╭──

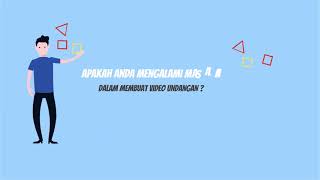 Meliva - Undangan Digital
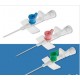 CATHETER BD VENFLON2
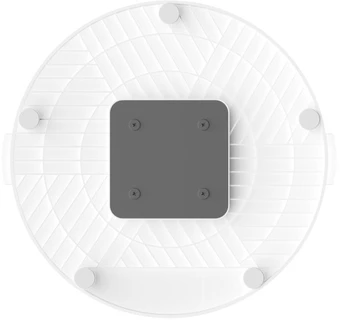 Xiaomi išmanus stovimas oro cirkuliacijos ventiliatorius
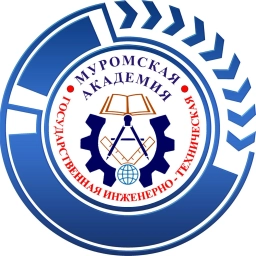 Аватар канала «ГАПОУ ВО "Муромская государственная инженерно-техническая академия"»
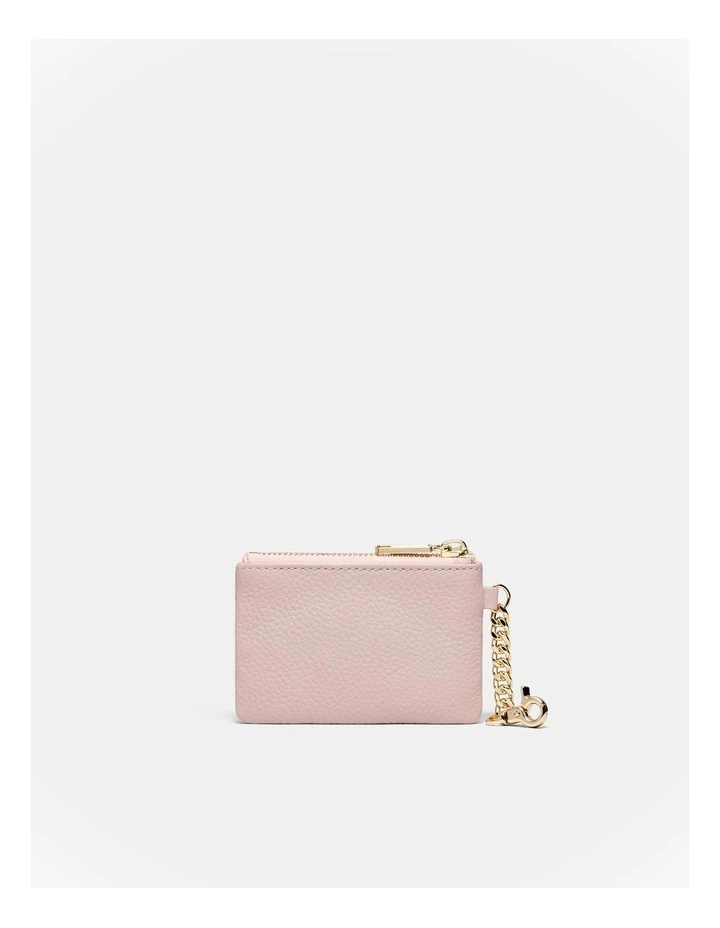 Classico Coin Purse in Petal image 2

╰──

## Prompt
Set the entries down again exactly. Do not include the images.

## Exercise solution
 Meliva - Undangan Digital
 CATHETER BD VENFLON2
 Xiaomi išmanus stovimas oro cirkuliacijos ventiliatorius
 Аватар канала «ГАПОУ ВО "Муромская государственная инженерно-техническая академия"»
 Classico Coin Purse in Petal image 2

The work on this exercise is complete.